[[ Task material, beginning ]]

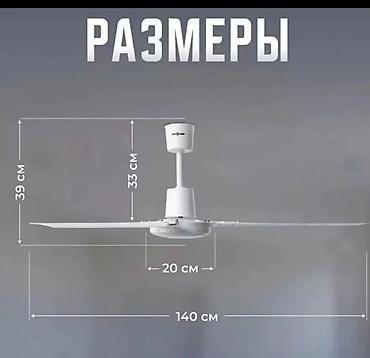 Вентиляторы: Потолочные вентиляторы — самые качественные на рынкепо акции 2300 — 7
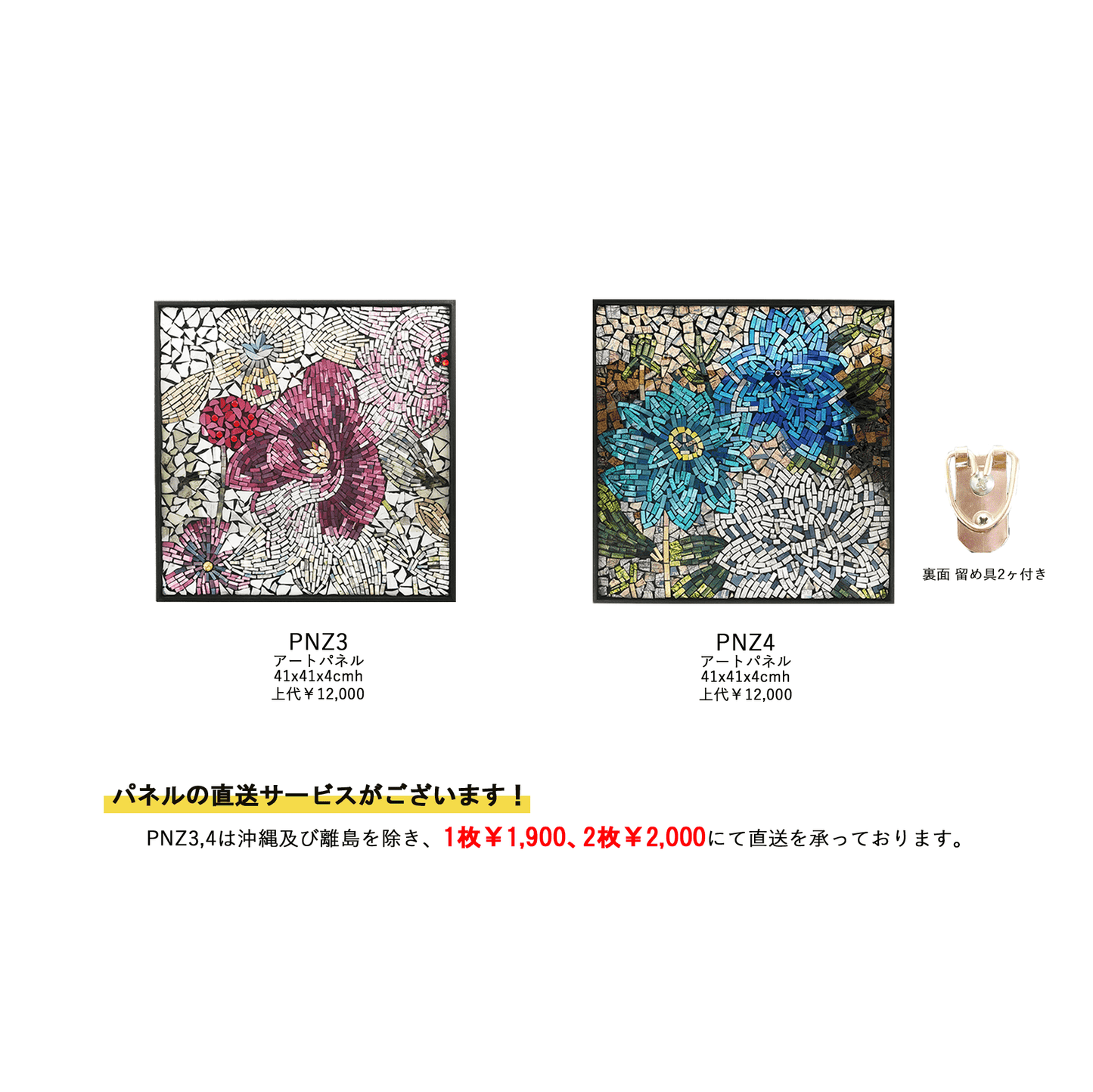 ガラスパネル モザイクPNZ 41cm PNZ4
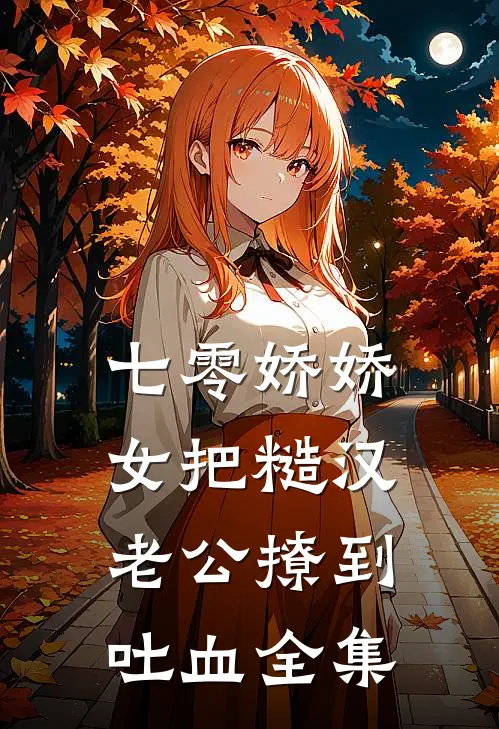 七零娇娇女把糙汉老公撩到吐血全集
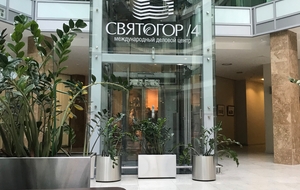 Бизнес-центр «Святогор»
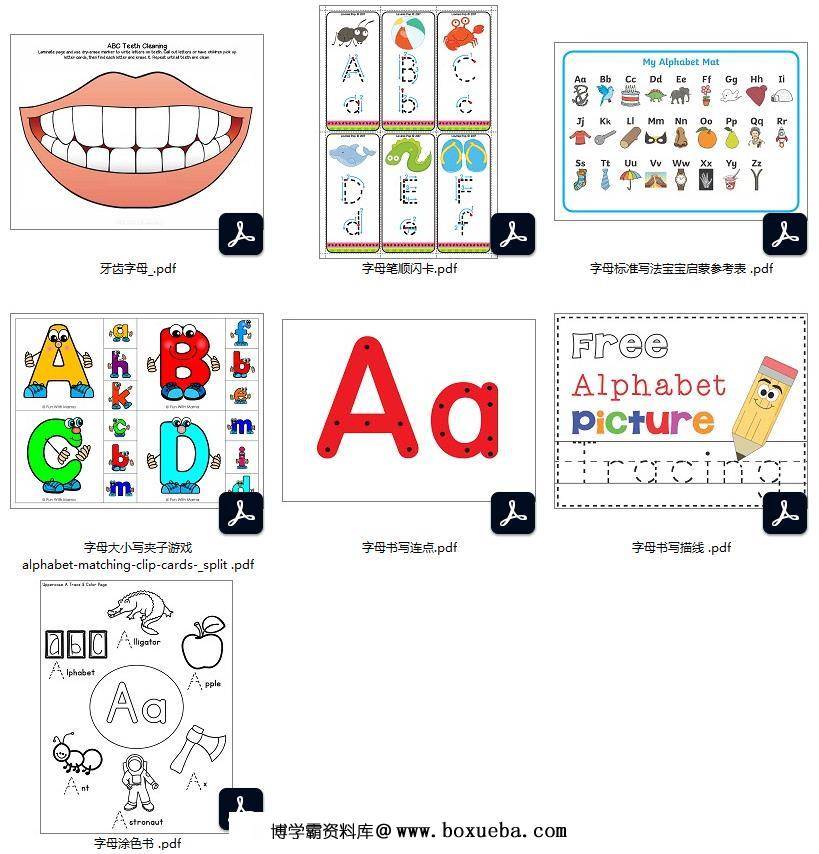 图片[2]-510页英文字母合集，安静书素材，电子版PDF打印资源，百度网盘下载-淘学学资料库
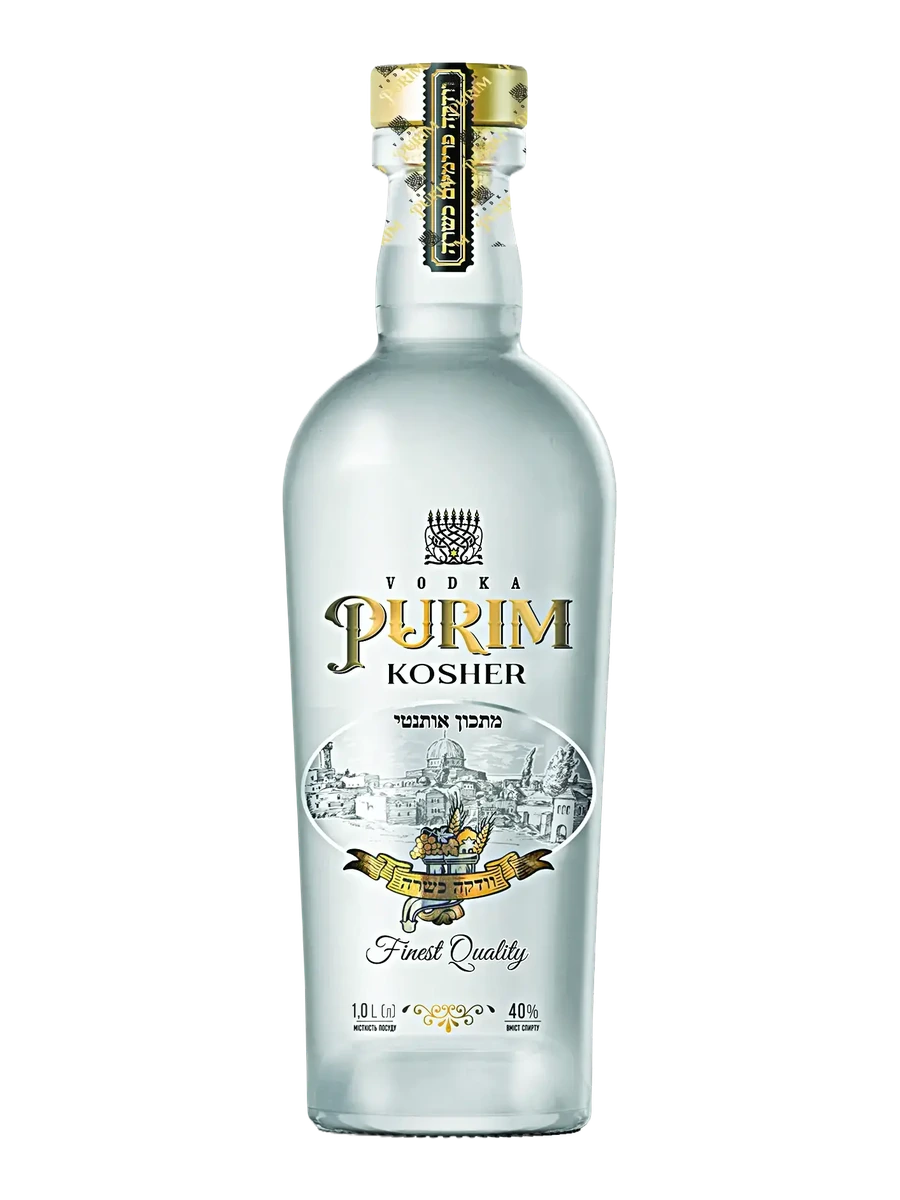 PURIM Kosher Vodka bottle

[[ Task material, end ]]

_Activity_.
Transcribe all of the entries word for word, but skip any pictures they contain.

_Result of the exercise_.
 Вентиляторы: Потолочные вентиляторы — самые качественные на рынкепо акции 2300 — 7
 ガラスパネル モザイクPNZ 41cm PNZ4
 七零娇娇女把糙汉老公撩到吐血全集
 Бизнес-центр «Святогор»
 图片[2]-510页英文字母合集，安静书素材，电子版PDF打印资源，百度网盘下载-淘学学资料库
 PURIM Kosher Vodka bottle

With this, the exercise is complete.